A British woman whose pregnant daughter was killed in a car crash is considering legal action to stop her fiancé using her frozen embryos to have their child. Kay Stanley, 32, had undergone IVF treatment and had her eggs fertilised before she died.

Her mother Gwen Bates, a nurse from Rotherham, Yorkshire, claims her fiancé Brett Vogel, 34, may be considering using a female relative as a surrogate for the fertilised embryo. Mrs Bates, 59, insists Kay Stanley would have been opposed to such a move.

Even if that is true, even if the poor dead woman would not want her children gestated by another woman, so what? She is dead. The father is alive. His nascent children can still be born.
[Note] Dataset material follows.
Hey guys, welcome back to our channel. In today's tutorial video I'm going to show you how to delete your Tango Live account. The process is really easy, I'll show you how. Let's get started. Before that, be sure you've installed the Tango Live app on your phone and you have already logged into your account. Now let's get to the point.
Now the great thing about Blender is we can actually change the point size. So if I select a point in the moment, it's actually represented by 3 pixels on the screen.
Why should he be prevented from having his children—if that is his decision—and instead be forced to see them destroyed (or possibly experimented upon)?
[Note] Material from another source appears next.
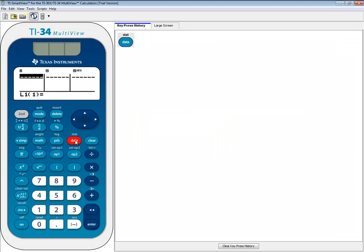Now we'll press our data button to get into where we're going to input our numbers. If you already have numbers here, you can press delete over and over to clean them out.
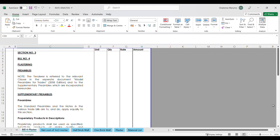Greetings everyone. Welcome to my channel. My name is Onalina Marumo and thank you for joining me today. In today's video I want to share an example of a rate build up for plaster on internal walls, which I believe might interest you.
Let’s consider this: The law generally holds that a woman is entitled to an abortion—regardless of what the father might want—because it is her body that gestates the child. That biological symbiotic relationship fact is seen as trumping whatever rights the father might have in the matter. It is her body and if she doesn’t want to gestate, she has the unfettered right, at least in the early months, to terminate the pregnancy.
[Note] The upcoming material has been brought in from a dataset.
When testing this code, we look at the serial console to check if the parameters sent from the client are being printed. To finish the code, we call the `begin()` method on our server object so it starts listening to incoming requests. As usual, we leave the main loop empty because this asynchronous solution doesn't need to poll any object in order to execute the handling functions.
But in this case, the mother is dead and so her body is not being used for anything. The father may want to have his children brought to birth. If the grandmother can legally prevent her grandchildren from being born, it means that fathers have no rights of any kind over their pre-born children. If so, that is utter sexism. I mean, if he had died, would his parents be able to prevent the fiance from having his children? I think not.

These are the kind of dilemmas that the IVF can of worms has opened. But that is water under the bridge. In this case, I can see no justification for the grandmother’s claim. What would be good for the goose should also be good for the gander.